I think the ‘side show’ analogy is perfect. People will come to see the bearded lady IN THE CARNIVAL, but if she releases a CD of Barry Manilow covers, nobody cares. They were fans of hers as a FREAK, not fans of hers as a talent that they wanted to hear/see more from. As soon as you take the freak out of the carnival, you hear the crickets at her performances.
Another issue is that you can’t discount the effects of the fishbowl / echo chamber. A lot of the internet fame that’s generated amongst “geeks” can’t be duplicated amongst “real people”. Let’s say you’re a reporter who talks about gadgets or tech stuff. As soon as you’re placed in front of an audience who doesn’t care about that, you’re finished.
On top of that, there are a lot of people that “follow” other people on the net because of that person’s access to information, as opposed to them actually thinking that this person has any “sticky” personal value. This is another reason why crossovers don’t tend to work out. People weren’t paying attention to that person because of their actual personality. They were looking at their physical appearance or leeching off of the fact that that person would get information about tech gadgets before other people.
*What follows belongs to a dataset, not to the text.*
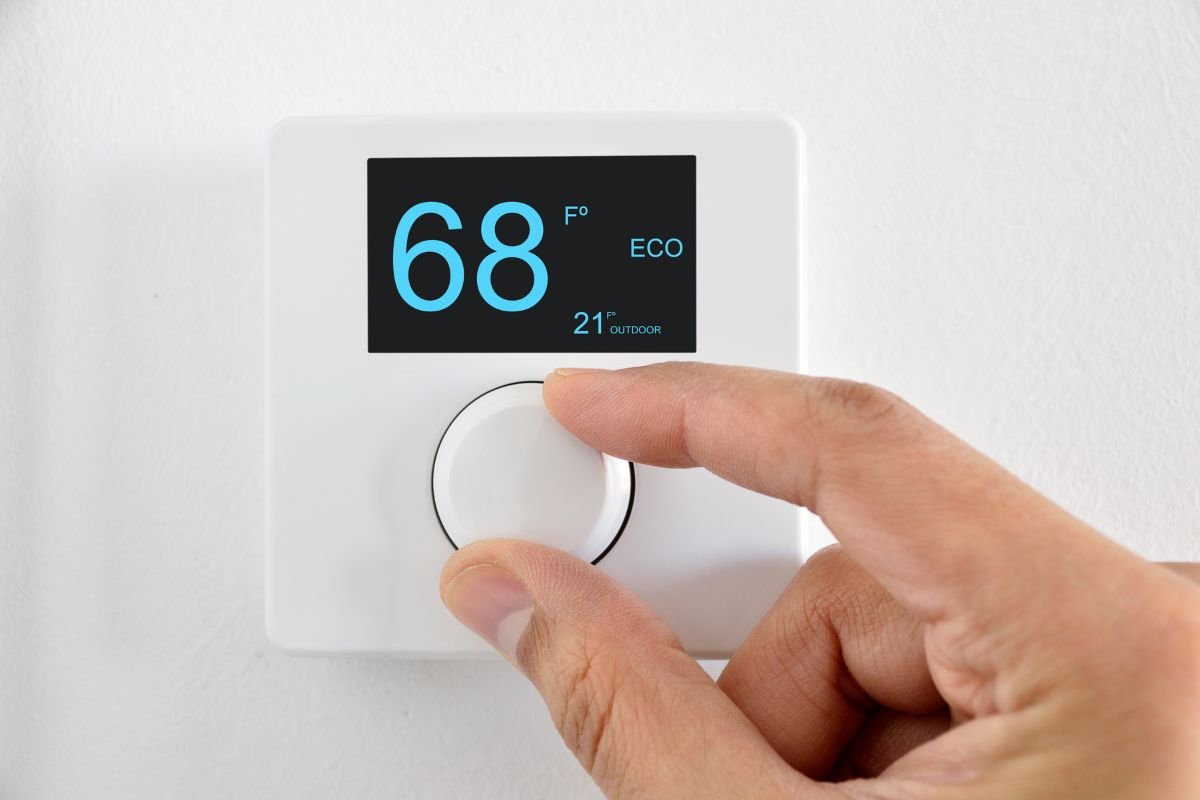 A hand adjusting a thermostat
If you remove them from the genre or niche that they’re internet-famous in, they have no star power at all.
So, the song remains the same when it comes to MSM. You’re not going ANYWHERE unless you have some form of talent or personality trait that people outside of the fishbowl are going to appreciate and latch onto you for.
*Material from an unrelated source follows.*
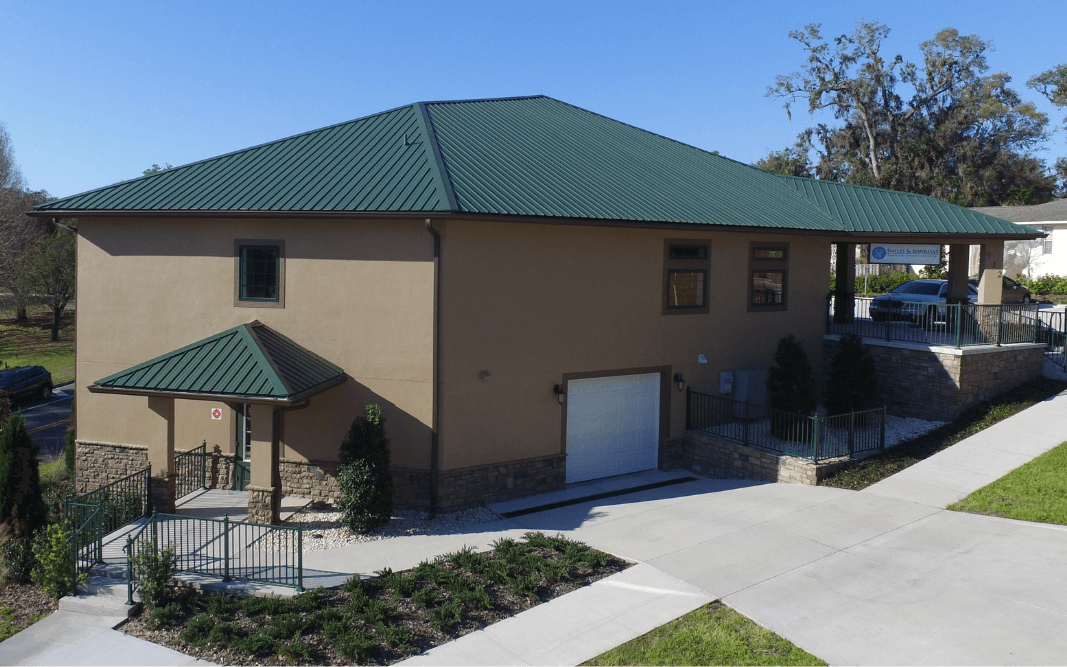 Newly completed commercial office building with green metal roofing in Clermont, FL, constructed by Bridgethorn Construction, specializing in commercial spaces.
Meanwhile, there’s no cross-monetizing Personal Branding elements under your umbrella. You have separate audiences for each of your niches. The amount of TIME that you dedicate to maintaining your internet presence will determine how many of your branches you can cultivate simultaneously.
This year, 2009, is going to be all about Personal Branding and positioning. It doesn’t help you to have 5,000 Twitter followers if you can’t get a job from ANY of them. It doesn’t help you to host a tech gadget show if your aspiration is to be an actual actor/actress. It doesn’t help you to create social media destination sites if nobody wants to socialize with YOU, or, more importantly, with EACH OTHER.
The game’s going to change this year. Live Broadcasting & Character Development are going to be the route to developing Passionate Viewers and consequently “sticky” Popularity / “Cred”. Just like rap music, internet video has gotten to the point where ANYBODY can get on the mic. The only way you’re going to successfully cross over and gain traction outside of the fishbowl / echo chamber is by demonstrating UNIVERSAL value.
As opposed to the sum total of your branding efforts, your position & success in 2010 is going to depend on the branch(es) of your Personal Brand that you invest your time cultivating and demonstrating to people that you’re a viable, universal talent that can make it to AND THRIVE IN “The Big Show”.